Measuring average current of low power devices

Low power devices often spend most of their time in some sort of sleep mode, in which the power supply current is very low (some hundreds of nanoamperes typical). However, at times they wake up and can draw very large currents for a short period of time. The average current of such devices is often of interest, for example to estimate battery life.

Measuring the current directly is infeasible, due to the very large current range as well as the short duration of the high current pulses. A simple solution however is to measure the current through a RC filter circuit as shown in figure 1.
Figure 1. Measurement setup.

There are a couple of things to consider though when doing this.
  • The time constant of the RC filter needs to be much longer than the measurement period of the multimeter used
  • Electrolytic capacitors initially exhibit large non-constant leakage currents
  • Resistive voltage drop
A nice trick is to use the measurement resistor of the multimeter as the R of the circuit and to choose the capacitance then accordingly. My UT61E updates twice per second and has a measurement resistance of 1 kilo-ohm in the microampere range. I've used a capacitance of around 15000 uF, which gives a time constant of 15 seconds. The time constant shouldn't be too long either, as it makes the required measurement time longer.

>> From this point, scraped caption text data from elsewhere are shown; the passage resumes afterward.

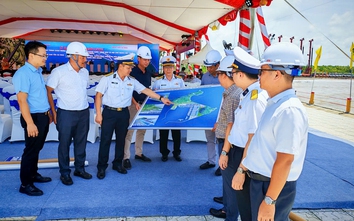 Cà Mau: Sẽ có cảng tổng hợp lớn nhất Đồng bằng sông Cửu Long
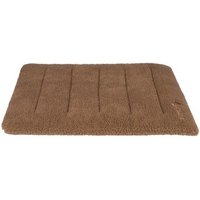 District 70 Hundematte SHERPA Crate Mat mokka M von District 70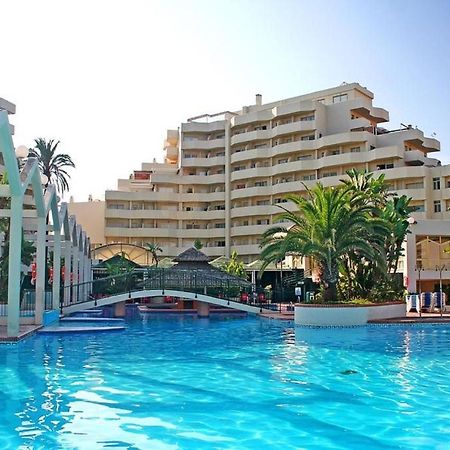 "Vive Benal Beach" Con Vistas Al Mar Y Parque Acuatico 3611 Benalmádena Exterior photo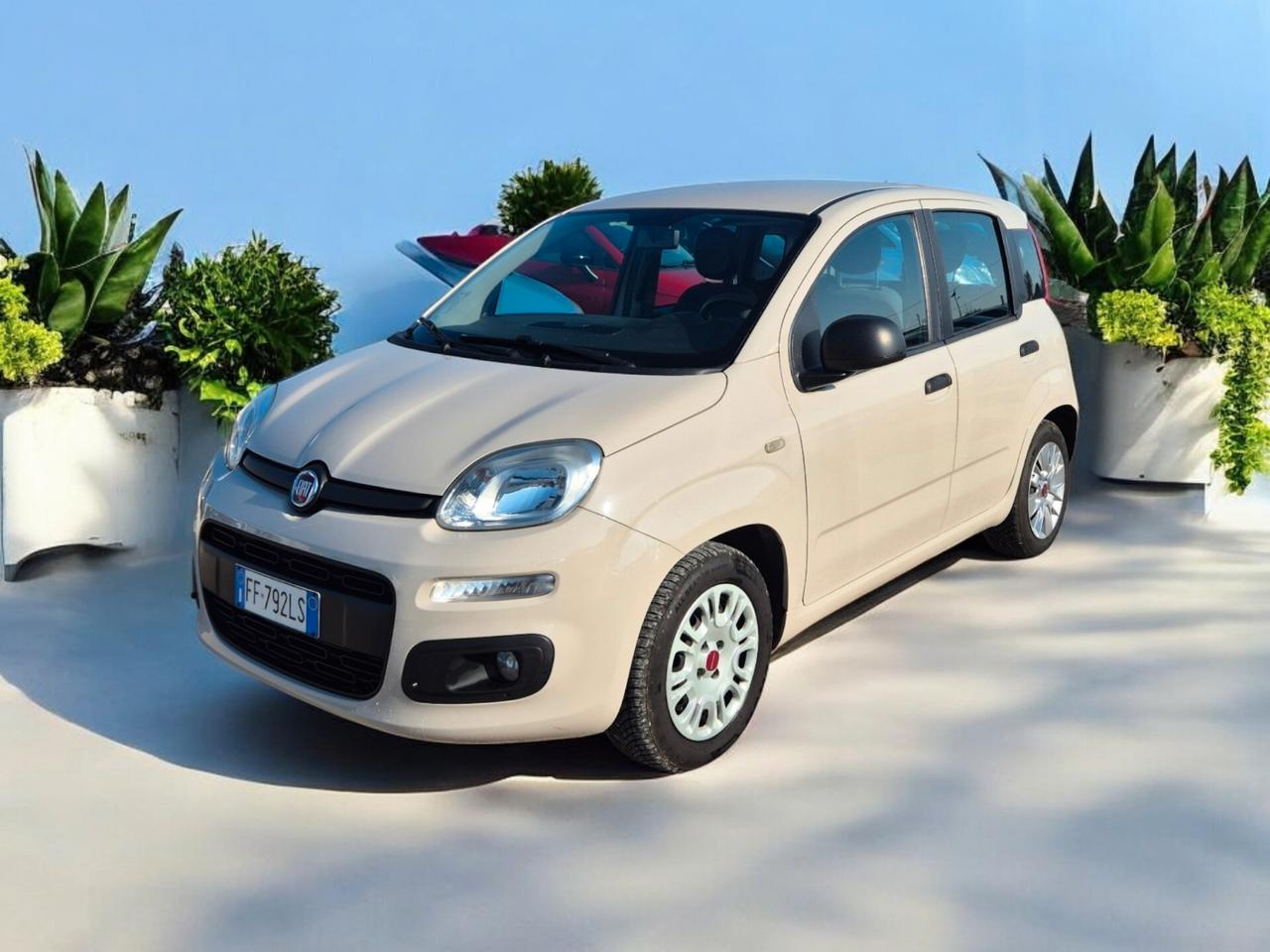 Fiat Panda 1.2 gpl Garanzia 12 mesi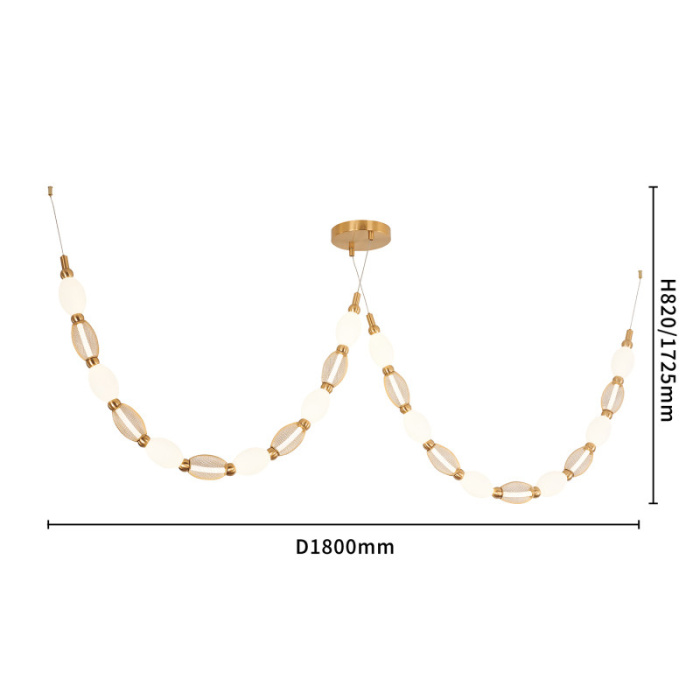 Подвесной светильник Favourite 4559-2PC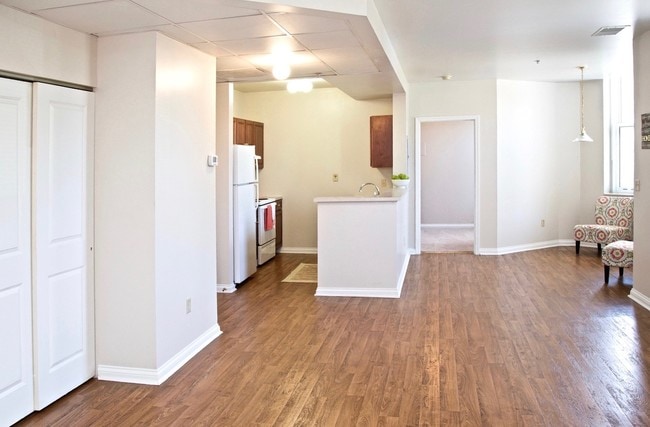 Homer G. Phillips Apartments for 55 and older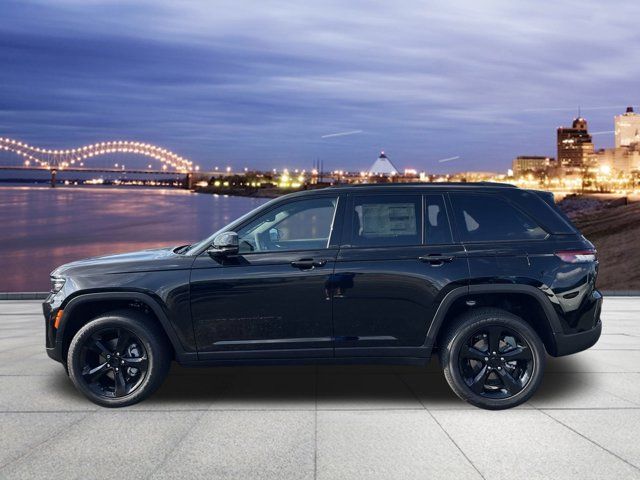 2024 Jeep Grand Cherokee Altitude X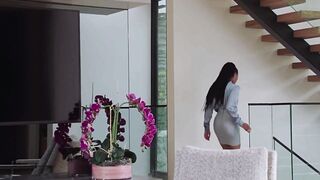 Kira Noir gets her booty screwed inside different positions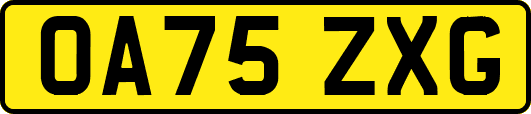 OA75ZXG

The leakage current of electrolytic capacitors may require a long time to stabilize. After 24 hours of operation my bank of 15000 uF still had 500 nA of leakage, but decreased to around 40 nA after 48 hours. Constant leakage currents due to the measurement setup are simply subtracted from the measured average current.

I've never had a problem with any significant voltage drops with this setup. However, the voltage drops can be made smaller by increasing the capacitance. Notice that the average voltage seen by the load is still dependent on the average current and the resistance.